9

‘And yet I loved her as never a woman was loved before’

Batley, West Yorkshire, 1865

On 10 March 1863, the marriage of His Royal Highness Albert Edward Prince of Wales to Her Royal Highness Princess Alexandra Caroline Maria Charlotte Louisa Julia Christian of Denmark was celebrated throughout the country and, at the festivities in Batley, Yorkshire, a young couple met for the first time and began a love story of their own. For Eli Sykes and mill worker Hannah Brooke, what started as a friendship quickly deepened and by 1865 it was expected that the two would soon be married.

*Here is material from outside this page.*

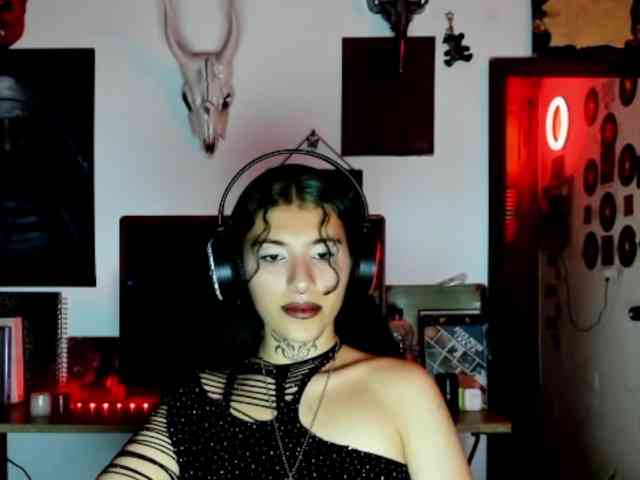 blackdemonxxx webcam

However, at the Dewsbury Feast in July of that year, eighteen-year-old Hannah met James Henry Ashton and instantly realised that James, rather than Eli, was the love of her life. She broke off her relationship with Eli, who took the rejection hard and began determinedly stalking Hannah, turning up unexpectedly when she visited friends and threatening that if he couldn’t have her, no other man would. Unfortunately, Hannah simply laughed in Eli’s face, ignoring him or even singing aloud to drown out his professions of undying love and her friends failed to recognise any real threat to her safety from the man who appeared to worship the ground she walked on. Even Hannah’s brother George did not feel that his sister was in any real danger and when Eli complained to him that he was ‘so grieved by Hannah’s refusal to keep company with him that he did not know what to do’, George simply told him not to be a daft lad, adding that there were plenty of other girls who might be interested in him.

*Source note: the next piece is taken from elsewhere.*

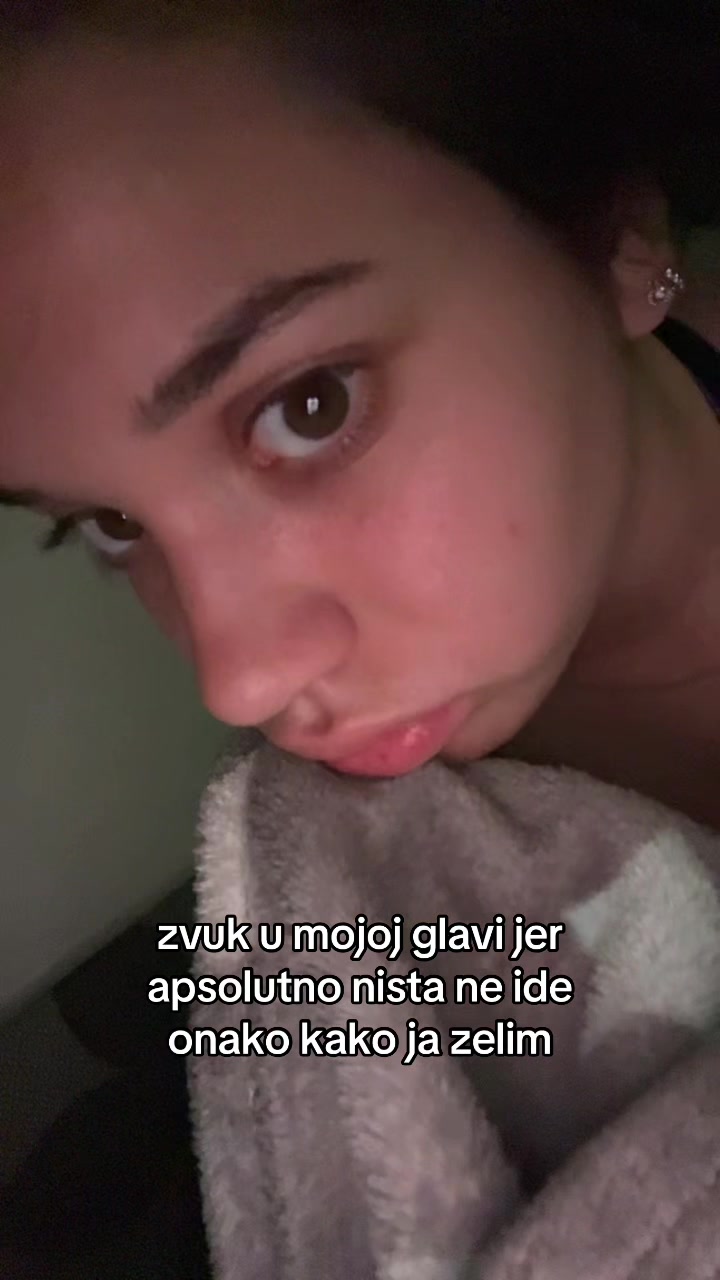 @jana🫧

Nineteen-year-old Eli, who was thought of as a steady, respectable young man, worked as a cloth finisher and was also a member of the 29th (Dewsbury) West York Volunteer Corps. On Saturday, 19 August 1865, he paraded with the Corps at 3 p.m., marching to Drighlington where they were drilled. Five hours later, the men were marched to the station to await the arrival of the train back to Batley, in which three carriages had been reserved for their use. While waiting, each man was given his choice of half a pint of ale or a glass of ginger beer.

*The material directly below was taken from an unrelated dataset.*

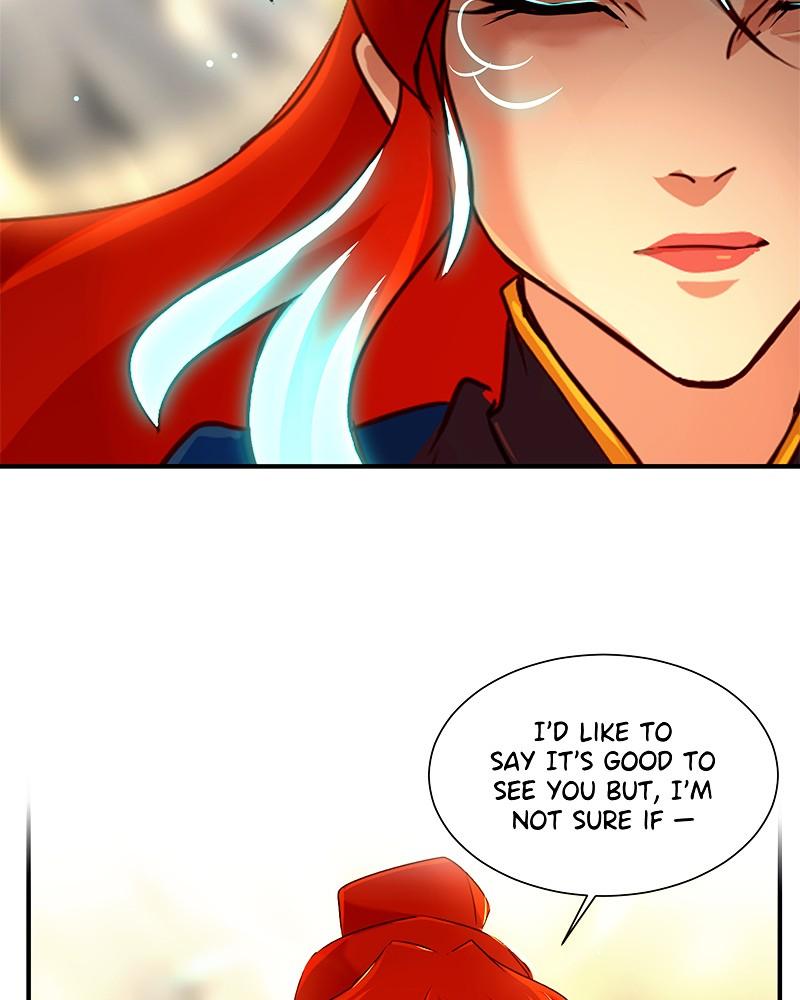 SubZero Chapter 210 48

Drighlington Flower Show had been held that day and, when the train pulled into the station, many more passengers than normal boarded, quickly filling the reserved carriages. So many volunteers were left standing on the platform, that it was arranged that a train would be sent specifically to collect them. Eli was one of the eighty or ninety who managed to get a seat on the first scheduled train, which arrived at Batley Station at about 9.40 p.m. Many of the young men waited for their comrades to arrive on the special train and Eli stayed at the station chatting for some time, before leaving to walk home with two of his friends. However, when Eli and his friends came to part company, he announced his intention of going to see Hannah. ‘You’d better not do any such thing,’ his friends advised him, well aware of the threats that he had made towards her. Nevertheless, instead of heading for his own home, Eli ignored his friends and went to Hulme Street, where Hannah lived with her mother, Sarah, who was usually known as Sally.

Neighbour Robert Jones saw Eli and Hannah standing talking in the street, Eli dressed in his Volunteer Corps uniform, his bayonet fixed to his rifle. The couple were standing a few feet apart and, although Eli’s head was hanging down, Jones was unaware of any tension between them. After exchanging some brief remarks about the Adwalton Flower Show, Jones bid the couple ‘Good night’ and continued on his way.

Precisely what happened next was known only to Eli but at around 11 p.m., neighbours heard Sally screaming, ‘Murder!’ Joseph Pease and William Fawcett ran to see what the matter was and found the sixty-year-old widow standing on her doorstep in her nightdress.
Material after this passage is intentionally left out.